Pas in de jaren '70 kon men Miłosz in Polen als een wezenlijk eschatologisch dichter gaan zien, een dichter die, zich zijn aardsheid bewust, ernaar streefde de volle rijkdom van déze wereld te omvatten om zo een adequate uitdrukking voor de metafysica van deze eindtijd te vinden. Pas nu heeft men kunnen zien dat dit eschatologische perspectief al voor en in de oorlog in zijn poëzie aanwezig was. Dat het dus niet zozeer om de historische catastrofe gaat, maar om de Apocalyps. Op deze manier brak hij uit de gevangenis van de Geschiedenis (waarin de marxisten gevangen zaten) zonder ahistorisch te worden (waarnaar politiek indifferentisme tendeerde)..

De geschiedenis van de receptie van Miłosz is echter een gecompliceerd hoofdstuk apart, waarin het katholieke réveil van de Poolse Paus, de opkomst en ondergang van Solidarnosé, de traditie van de romantische dichter-profeten en andere aspecten een rol spelen, evenzeer als de omstandigheid dat Miłosz van zijn vlucht naar Frankrijk in 1950 tot de opkomst van de ondergrondse literatuur in Polen een grote onbekende was, een legende. Alleen dank zij de ondergrondse uitgevers en de trouw van enige oudere lezers waren er in 1980 toch nog heel wat mensen die wisten wie de schrijver was die toen opeens de Nobelprijs kreeg.


Bewerkt fragment uit Joseph Brodsky's presentatie van Miłosz als kandidaat voor de Amerikaanse Neustadt Prize, die Miłosz in 1978 werd toegekend. World Literature Today (1978)

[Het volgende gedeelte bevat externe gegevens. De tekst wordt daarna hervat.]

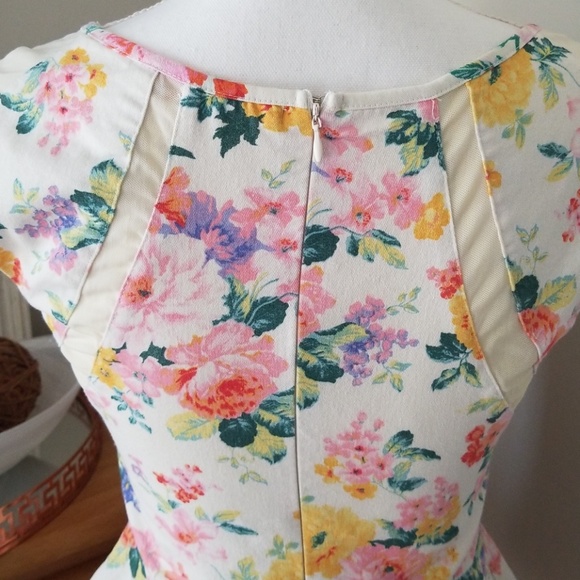 Mustard seed floral peplum top - Picture 5 of 6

Ik aarzel niet te stellen dat Czesław Miłosz een van de grootste dichters van onze tijd is, misschien wel de grootste. Zelfs als men de stilistische rijkdom van zijn gedichten in het Pools enigszins geweld aandoet (hetgeen in een vertaling onvermijdelijk gebeurt), dan staan we nog altijd tegenover een strenge en onwrikbare geest van een diepte die te vergelijk en is met die van bijbelse figuren, in de eerste plaats Job. Maar in feite is de omvang van het verlies dat Miłosz heeft geleden zelfs groter.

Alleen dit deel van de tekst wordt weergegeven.